Only the lines from the beginning of the data below through the line containing "Alte Frauen audiobook, Verena Lueken" belong in the response, each copied exactly.

- _Dataset content_:
□ □ □ □ □

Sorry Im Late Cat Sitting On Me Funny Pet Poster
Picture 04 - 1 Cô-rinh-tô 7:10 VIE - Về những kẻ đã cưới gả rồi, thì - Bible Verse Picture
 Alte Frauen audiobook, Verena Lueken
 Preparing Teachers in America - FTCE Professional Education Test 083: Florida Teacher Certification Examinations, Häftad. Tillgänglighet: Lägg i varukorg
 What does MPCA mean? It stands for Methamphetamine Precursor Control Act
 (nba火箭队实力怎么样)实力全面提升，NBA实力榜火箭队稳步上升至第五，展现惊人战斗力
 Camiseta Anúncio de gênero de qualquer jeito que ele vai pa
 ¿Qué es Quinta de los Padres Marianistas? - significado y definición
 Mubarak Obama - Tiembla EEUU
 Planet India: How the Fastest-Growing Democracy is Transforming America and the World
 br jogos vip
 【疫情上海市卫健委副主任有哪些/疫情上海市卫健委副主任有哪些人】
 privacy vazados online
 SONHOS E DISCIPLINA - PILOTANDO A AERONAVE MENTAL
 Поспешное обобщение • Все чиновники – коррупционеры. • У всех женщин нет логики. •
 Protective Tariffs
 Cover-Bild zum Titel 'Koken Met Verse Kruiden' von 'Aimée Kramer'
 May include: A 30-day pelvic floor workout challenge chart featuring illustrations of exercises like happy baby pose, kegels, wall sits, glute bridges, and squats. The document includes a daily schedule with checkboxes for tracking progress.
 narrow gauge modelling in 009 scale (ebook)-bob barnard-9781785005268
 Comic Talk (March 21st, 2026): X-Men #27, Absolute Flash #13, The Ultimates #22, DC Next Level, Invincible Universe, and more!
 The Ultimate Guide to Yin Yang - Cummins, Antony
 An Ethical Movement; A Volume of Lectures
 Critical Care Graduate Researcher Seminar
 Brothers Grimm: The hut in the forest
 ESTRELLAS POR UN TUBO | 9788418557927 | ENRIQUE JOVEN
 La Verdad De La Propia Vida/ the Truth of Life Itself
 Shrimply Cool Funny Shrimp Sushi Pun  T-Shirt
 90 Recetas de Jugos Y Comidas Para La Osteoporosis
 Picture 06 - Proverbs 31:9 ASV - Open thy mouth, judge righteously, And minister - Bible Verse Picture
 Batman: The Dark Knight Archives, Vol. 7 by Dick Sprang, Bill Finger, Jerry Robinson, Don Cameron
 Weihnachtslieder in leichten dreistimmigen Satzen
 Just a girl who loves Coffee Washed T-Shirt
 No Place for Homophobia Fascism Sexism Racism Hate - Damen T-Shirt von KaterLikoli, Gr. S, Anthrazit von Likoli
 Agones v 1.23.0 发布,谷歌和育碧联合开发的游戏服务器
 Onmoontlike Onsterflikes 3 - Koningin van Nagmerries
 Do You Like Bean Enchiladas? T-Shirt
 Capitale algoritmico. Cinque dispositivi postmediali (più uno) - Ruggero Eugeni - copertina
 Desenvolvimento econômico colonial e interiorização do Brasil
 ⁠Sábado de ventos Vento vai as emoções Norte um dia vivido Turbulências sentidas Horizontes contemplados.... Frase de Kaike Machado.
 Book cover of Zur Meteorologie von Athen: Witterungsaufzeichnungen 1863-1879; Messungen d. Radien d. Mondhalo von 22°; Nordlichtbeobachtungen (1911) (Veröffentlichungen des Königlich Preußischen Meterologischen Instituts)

□ □ □ □ □

- _Written answer_:
Sorry Im Late Cat Sitting On Me Funny Pet Poster
Picture 04 - 1 Cô-rinh-tô 7:10 VIE - Về những kẻ đã cưới gả rồi, thì - Bible Verse Picture
 Alte Frauen audiobook, Verena Lueken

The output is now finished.